To our knowledge, none of the previous work in family history identification consider all of the steps involved in this task. Friedlin et al. reported sensitivity of 93% and positive predictive value of 97% in extraction of family history, but their method only considers family histories reported under the family history section and not those buried under various other sections in clinical notes [27]. It also doesn’t extract exact family members and classify family members as primary, secondary, and unknown relatives. Goryachev et al’s work does not examine the negation status of diagnoses found under the family history section [19]. Lewis et al. reported that only 2% of sentences with a family member term were negated compared to 17% of sentences reported under the family history section being negated. Although they stated their interest to identify negation in their future work, they have not analyzed negation in their latest work [20].
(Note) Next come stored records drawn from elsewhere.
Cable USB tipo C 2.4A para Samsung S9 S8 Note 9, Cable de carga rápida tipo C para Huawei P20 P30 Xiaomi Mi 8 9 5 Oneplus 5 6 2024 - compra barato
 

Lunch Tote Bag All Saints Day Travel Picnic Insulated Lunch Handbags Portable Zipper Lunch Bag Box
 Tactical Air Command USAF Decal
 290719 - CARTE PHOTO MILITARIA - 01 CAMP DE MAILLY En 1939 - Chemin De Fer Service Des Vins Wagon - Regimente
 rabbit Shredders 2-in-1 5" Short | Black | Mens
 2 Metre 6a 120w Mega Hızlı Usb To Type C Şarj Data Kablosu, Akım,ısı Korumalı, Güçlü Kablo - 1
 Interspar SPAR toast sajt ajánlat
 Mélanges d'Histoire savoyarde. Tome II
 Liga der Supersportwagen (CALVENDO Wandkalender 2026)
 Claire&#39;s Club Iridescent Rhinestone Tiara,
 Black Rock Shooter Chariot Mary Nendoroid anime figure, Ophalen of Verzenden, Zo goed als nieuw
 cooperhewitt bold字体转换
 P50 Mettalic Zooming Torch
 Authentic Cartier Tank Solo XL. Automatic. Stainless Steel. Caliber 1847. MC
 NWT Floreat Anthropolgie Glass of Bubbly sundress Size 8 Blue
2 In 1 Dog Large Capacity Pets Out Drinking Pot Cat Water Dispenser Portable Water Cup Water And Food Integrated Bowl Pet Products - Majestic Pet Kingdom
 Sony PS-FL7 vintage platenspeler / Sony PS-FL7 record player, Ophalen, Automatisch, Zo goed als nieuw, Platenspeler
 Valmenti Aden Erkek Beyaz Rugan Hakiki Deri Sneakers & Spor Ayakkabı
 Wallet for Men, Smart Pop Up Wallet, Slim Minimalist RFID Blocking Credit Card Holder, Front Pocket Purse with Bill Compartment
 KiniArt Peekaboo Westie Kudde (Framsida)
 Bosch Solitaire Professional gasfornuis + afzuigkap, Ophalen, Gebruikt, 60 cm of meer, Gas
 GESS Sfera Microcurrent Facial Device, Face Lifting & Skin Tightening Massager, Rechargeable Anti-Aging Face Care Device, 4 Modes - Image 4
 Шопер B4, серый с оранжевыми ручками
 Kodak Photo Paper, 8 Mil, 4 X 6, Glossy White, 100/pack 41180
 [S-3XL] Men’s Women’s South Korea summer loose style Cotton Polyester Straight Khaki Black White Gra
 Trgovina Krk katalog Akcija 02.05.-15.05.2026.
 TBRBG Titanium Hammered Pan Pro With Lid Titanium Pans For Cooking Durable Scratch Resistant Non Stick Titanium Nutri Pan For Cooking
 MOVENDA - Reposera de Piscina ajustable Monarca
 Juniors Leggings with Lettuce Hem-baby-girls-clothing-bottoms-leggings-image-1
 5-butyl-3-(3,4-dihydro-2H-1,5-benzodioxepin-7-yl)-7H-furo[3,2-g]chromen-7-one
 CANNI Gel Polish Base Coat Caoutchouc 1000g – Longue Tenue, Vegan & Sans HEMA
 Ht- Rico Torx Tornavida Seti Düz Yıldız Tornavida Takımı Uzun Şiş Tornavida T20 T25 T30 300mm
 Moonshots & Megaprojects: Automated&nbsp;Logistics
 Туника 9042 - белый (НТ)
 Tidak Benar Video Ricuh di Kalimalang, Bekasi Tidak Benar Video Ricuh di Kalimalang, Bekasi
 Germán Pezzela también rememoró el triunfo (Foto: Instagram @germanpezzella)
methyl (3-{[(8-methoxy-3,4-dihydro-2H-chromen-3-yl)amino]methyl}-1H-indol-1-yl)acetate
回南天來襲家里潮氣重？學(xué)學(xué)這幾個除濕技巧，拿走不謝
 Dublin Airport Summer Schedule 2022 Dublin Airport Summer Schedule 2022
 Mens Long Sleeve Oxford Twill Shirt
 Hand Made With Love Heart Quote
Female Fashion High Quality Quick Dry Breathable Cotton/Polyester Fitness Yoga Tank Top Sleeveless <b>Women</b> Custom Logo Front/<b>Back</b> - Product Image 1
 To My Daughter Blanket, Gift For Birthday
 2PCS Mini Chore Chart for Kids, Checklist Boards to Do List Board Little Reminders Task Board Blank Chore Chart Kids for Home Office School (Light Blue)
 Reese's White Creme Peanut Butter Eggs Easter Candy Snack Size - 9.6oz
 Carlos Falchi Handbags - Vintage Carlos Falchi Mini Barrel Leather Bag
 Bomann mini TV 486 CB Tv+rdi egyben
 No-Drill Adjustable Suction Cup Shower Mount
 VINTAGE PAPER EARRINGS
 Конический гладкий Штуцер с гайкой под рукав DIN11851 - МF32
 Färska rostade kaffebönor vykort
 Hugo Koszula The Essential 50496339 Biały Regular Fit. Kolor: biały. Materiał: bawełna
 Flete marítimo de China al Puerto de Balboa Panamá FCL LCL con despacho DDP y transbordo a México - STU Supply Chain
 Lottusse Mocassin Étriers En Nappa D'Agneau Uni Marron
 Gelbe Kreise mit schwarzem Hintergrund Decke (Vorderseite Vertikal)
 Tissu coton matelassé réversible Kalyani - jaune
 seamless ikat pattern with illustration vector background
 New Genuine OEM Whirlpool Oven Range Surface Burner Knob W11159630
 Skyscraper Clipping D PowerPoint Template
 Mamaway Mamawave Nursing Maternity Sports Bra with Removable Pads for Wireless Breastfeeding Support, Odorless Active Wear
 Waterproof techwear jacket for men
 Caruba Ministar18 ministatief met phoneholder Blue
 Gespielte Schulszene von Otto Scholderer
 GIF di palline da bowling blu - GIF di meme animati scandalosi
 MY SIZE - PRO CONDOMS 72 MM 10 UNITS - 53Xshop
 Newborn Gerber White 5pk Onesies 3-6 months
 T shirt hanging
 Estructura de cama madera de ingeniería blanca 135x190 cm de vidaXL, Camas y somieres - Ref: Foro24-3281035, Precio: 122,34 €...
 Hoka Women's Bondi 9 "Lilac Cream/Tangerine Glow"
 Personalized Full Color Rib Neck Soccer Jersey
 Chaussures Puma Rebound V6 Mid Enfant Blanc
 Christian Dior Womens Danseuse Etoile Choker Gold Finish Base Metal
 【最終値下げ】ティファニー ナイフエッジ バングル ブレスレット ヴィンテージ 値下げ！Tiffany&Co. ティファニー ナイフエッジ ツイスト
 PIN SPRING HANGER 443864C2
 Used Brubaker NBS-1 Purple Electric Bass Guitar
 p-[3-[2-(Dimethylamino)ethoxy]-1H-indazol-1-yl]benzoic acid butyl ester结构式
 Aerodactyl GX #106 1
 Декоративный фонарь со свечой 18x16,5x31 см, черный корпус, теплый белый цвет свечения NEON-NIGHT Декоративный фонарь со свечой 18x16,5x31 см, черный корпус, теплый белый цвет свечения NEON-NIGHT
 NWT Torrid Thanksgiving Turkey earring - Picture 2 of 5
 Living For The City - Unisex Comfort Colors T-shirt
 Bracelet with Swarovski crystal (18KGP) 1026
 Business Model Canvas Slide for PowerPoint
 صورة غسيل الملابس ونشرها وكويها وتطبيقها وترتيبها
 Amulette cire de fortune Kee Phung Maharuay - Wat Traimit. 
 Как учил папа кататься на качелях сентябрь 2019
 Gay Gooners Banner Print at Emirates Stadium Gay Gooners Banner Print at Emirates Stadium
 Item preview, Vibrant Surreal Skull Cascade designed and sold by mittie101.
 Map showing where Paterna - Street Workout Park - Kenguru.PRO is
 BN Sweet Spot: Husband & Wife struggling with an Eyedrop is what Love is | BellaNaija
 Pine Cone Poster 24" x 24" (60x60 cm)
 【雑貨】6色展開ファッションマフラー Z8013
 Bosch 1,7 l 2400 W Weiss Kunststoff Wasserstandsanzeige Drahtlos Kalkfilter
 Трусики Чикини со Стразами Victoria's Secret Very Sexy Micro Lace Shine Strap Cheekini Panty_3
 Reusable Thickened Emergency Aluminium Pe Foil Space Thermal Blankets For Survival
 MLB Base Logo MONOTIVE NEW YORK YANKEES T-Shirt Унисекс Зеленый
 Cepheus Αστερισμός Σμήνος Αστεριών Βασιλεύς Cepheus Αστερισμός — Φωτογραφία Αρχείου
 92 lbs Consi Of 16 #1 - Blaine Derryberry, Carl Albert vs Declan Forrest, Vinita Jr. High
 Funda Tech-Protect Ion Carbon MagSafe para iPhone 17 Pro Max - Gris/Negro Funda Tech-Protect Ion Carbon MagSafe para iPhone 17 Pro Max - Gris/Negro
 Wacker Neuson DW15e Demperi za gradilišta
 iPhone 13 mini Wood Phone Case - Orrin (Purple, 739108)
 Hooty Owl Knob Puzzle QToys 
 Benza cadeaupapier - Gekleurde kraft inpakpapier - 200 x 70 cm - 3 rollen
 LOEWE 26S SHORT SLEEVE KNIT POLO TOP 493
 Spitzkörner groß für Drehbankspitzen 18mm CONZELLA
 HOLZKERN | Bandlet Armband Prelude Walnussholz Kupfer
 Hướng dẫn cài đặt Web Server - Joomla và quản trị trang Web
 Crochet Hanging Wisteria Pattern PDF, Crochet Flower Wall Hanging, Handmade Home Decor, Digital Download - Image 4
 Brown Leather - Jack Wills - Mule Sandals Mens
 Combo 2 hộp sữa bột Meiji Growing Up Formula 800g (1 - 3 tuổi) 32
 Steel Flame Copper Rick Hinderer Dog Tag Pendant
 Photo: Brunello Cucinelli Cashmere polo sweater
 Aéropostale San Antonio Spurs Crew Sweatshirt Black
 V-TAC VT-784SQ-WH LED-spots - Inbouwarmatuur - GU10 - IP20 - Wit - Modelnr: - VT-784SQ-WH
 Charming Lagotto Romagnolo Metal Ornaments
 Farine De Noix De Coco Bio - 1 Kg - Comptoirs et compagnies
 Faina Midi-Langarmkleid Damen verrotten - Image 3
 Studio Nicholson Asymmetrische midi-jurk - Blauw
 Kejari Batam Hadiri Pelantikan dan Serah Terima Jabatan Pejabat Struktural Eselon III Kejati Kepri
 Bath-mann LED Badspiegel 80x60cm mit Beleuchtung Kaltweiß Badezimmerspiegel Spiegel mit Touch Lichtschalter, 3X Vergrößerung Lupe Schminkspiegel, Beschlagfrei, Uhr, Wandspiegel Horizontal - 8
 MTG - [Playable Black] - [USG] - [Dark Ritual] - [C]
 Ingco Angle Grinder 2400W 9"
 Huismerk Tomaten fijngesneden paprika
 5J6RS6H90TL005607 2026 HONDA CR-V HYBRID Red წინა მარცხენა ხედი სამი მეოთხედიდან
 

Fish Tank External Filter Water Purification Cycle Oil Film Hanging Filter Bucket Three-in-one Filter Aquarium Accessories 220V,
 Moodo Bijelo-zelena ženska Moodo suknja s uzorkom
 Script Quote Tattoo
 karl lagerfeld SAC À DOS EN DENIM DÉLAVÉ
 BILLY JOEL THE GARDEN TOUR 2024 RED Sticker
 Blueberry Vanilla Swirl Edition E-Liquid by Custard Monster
PancPro is a Bayesian modeling framework used to assess the pancreatic cancer risk of patients with family history of pancreatic cancer [28]. However, it does not use NLP techniques to extract family history information from clinical notes, so information was collected using a questionnaire.

Materials and Methods

Data Source

The study was approved by the Institutional Review Board (IRB) protocol of each institution separately. Below are the descriptions of each institution dataset.

Indiana University (IU)

Clinical notes of patients who visited Sidney and Lois Eskenazi Hospital in Indianapolis during March-December 2013 were used in this study. On average, 7,270 patients visited the hospital each month with a range of 80 to 95 thousand reports for all patients during that month. A detailed description of the dataset has been previously published [8]. The dataset was randomly divided into 60% for training and 40% for testing.

Mayo Clinic

We used Mayo cancer registry data to obtain a list of patients with pancreatic cancer. There were a total of 3,573 patients in the registry, out of which 2,923 had a family history section in their clinical notes. Clinical notes for those patients were extracted from the Mayo Clinic data repository, and text from the family history section of those notes form the second data set.

Methods

Clinical reports are organized into sections with headers such as “Physical Examination,” “Medication,” “Family History.” Usually a patient’s family history is reported under the family history section of the narrative reports. However, this is not always the case. It is sometimes mentioned in the patient’s history, diagnosis, or other sections. Based on this understanding, we divided family history identification into two parts: In the first part, the patient’s family history, which is reported under the family history section, was identified. In the second part, the family history section was removed from the clinical note and any mention of a family history in other sections was identified. The first part consisted of three subparts: 1) section header detection, 2) family members and diagnoses identification, and 3) relation discovery between family members and diagnoses.

Section header detection

A rule-based algorithm based on the SecTag terminology was developed to identify the clinical notes sections for the IU data set. While at Mayo, clinical notes are CDA 1.0 compliant, wherein sections have been codified. Although SecTag terminology is a large-scale effort to assemble an exhaustive list of terminologies used as section headers of clinical notes, due to lack of standard and universal convention there are still terms used in other institutions that are not found in the SecTag terminology list. For instance, section headers such as “Past Medical, Social, Family History” and “Social and Family History” were used in IU clinical notes, but were not available in the SeTag terminology. We added these terms to our dictionary list to identify family history sections.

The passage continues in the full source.